Emmons also said that his company red flags any potential partner that doesn’t have a QC lab on site now.

“Quality separates everybody,” he said, saying he doesn’t believe in a “Craft Beer Bubble” per se. He thinks those that do their due diligence in quality will stay around. “I do think quality will separate the herd.”

Being able to sell a beer outside a home market and not just rely on the wholesaler as a sales force is another factor that Norgrove said breweries have to take note of.

“Don’t be happy with them selling your beer. That’s the stupidest thing in the world,” he said. “They make it available, you have to sell it. The pull-through marketing is what a brewery has to do.

“The sales job for a brewery doesn’t go away when you get a wholesaler, it now becomes more intense.”

Norgrove said a brewery needs to have a plan that the wholesaler can support as well — with stickers, POS marketing and other such swag.

“But they can’t do it without you giving them the tools to do it,” he said of the wholesaler.

Emmons agreed, saying that if a Iowa brewery, for example, wanted to distribute in Ohio and didn’t bring in a local rep, he knows it won’t be a good relationship.

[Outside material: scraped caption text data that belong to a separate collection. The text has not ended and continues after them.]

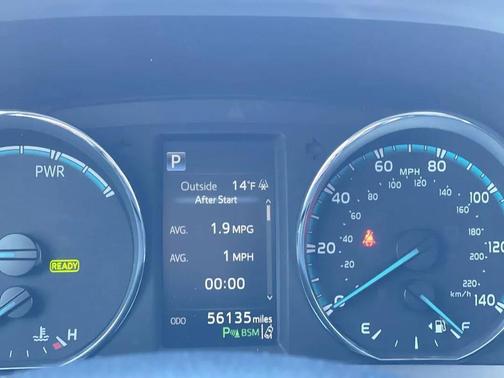 2017 Toyota RAV4 Hybrid Limited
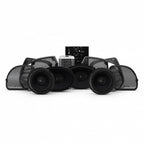 Rockford Fosgate Road Glide & Street Glide Stage 3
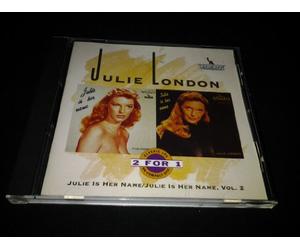 London, Julie - Julie is Her Name / Julie is Her Name, Volume 2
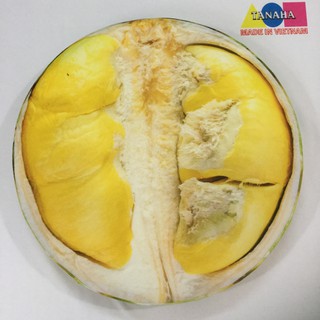 Nệm ngồi  3D Sầu riêng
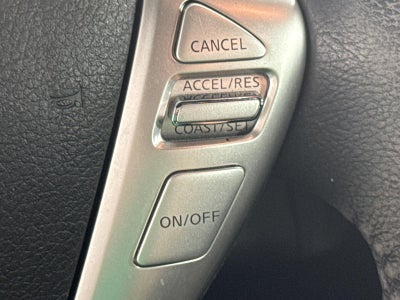 2019 Nissan Versa 1.6 SV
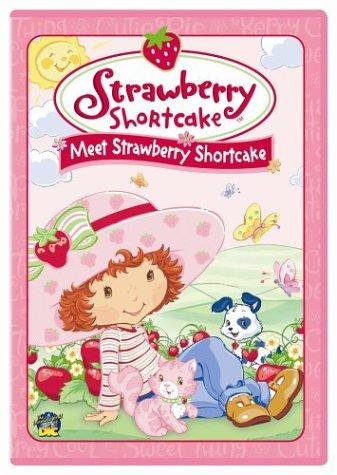 Фото - Strawberry Shortcake: Meet Strawberry Shortcake: 337x475 / 49 Кб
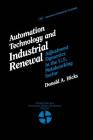 Automation Technology and Industrial Renewal: Adjustment Dynamics in the Metalworking Sector (AEI studies) Cover Image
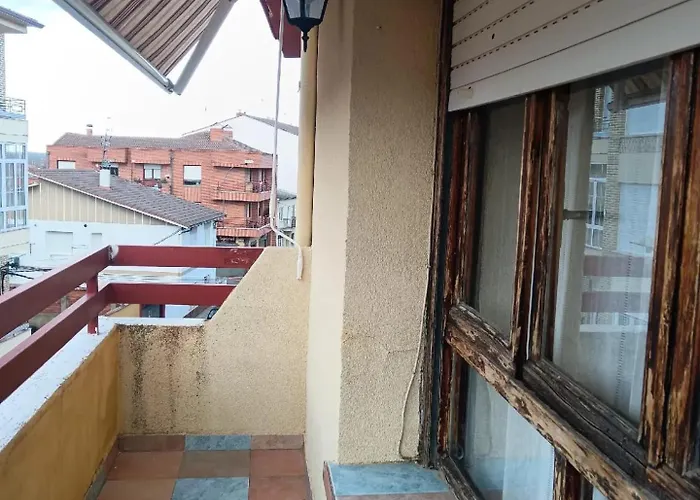 Ciudad Por Descubrir Appartement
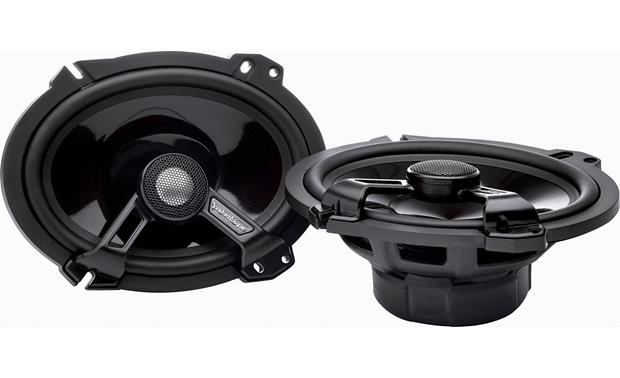 Rockford Fosgate T1682 Power Series 6"x8" 2-way car speakers
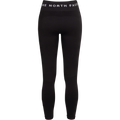 W New Seamless Legging - Black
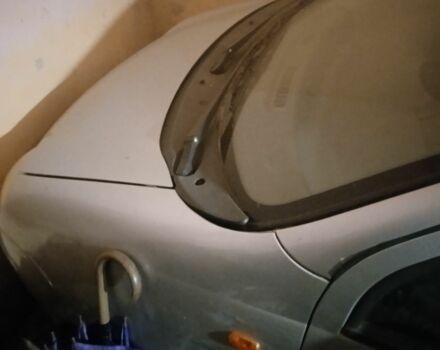 Серый Чери A21, объемом двигателя 1.1 л и пробегом 68 тыс. км за 1250 $, фото 11 на Automoto.ua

“Our book is getting larger with more variety,” he said. “Our buyers will remember the reps, if the closest rep is going to live in Iowa, then we know how things are going to go.”

Even having the right packaging can be an issue. Craft beer isn’t just 12-ounce cans and longneck bottles. Large bottle formats, 16-ounce cans and other such anomalies can have wholesalers shy away.

“Not all retailers have a place for those sizes,” Emmons said. “The bomber market is a tough market, so is 16-ounce cans.

“Consumers don’t want to do the liquid math and costs ratio for a six pack of 12-ounce cans versus a four pack of 16-ounce cans. Even major sellers like Sierra Nevada see trouble in those formats.”

For all the headache that it can be, in the end it’s a business decision that a brewery has to make after weighing its options and knowing why distribution is there.

“It’s a cost-transfer business,” Norgrove said. “Distributors exist because they can more effectively transfer the cost of getting the product from the brewery to the consumer. If they brewery could do it, then they would do it, but you can’t do that shipping to New York or Texas or Japan, it’s not cost effective.

“By that nature, the distributor has to assume some of that cost in the way of promotion, inventory and reaching accounts that you yourself as a brewery can not.”